To find the area of Nina's garden, we multiply the length by the width.
First, we start with the given dimensions:
- Length = \(4 \frac{1}{5}\) meters
- Width = \(\frac{3}{10}\) meter
Step 1: Convert the mixed number to an improper fraction
The length \(4 \frac{1}{5}\) can be converted to an improper fraction: \[ 4 \frac{1}{5} = \frac{(4 \times 5) + 1}{5} = \frac{20 + 1}{5} = \frac{21}{5} \]
Step 2: Multiply the fractions
Now we can calculate the area by multiplying the length by the width: \[ \text{Area} = \text{Length} \times \text{Width} = \frac{21}{5} \times \frac{3}{10} \]

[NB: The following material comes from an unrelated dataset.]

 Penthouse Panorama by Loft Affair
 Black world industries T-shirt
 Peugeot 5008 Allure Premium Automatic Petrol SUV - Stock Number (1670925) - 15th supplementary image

Step 3: Multiply the fractions
To multiply the fractions, we multiply the numerators and the denominators: \[ \text{Area} = \frac{21 \times 3}{5 \times 10} = \frac{63}{50} \]
Step 4: Convert to a mixed number (if necessary)
Now, we convert \(\frac{63}{50}\) to a mixed number: \[ 63 \div 50 = 1 \quad \text{with a remainder of } 13 \] So, \(\frac{63}{50} = 1 \frac{13}{50}\).
Final Answer
The area of Nina’s garden is \( \frac{63}{50} \) square meters or \( 1 \frac{13}{50} \) square meters.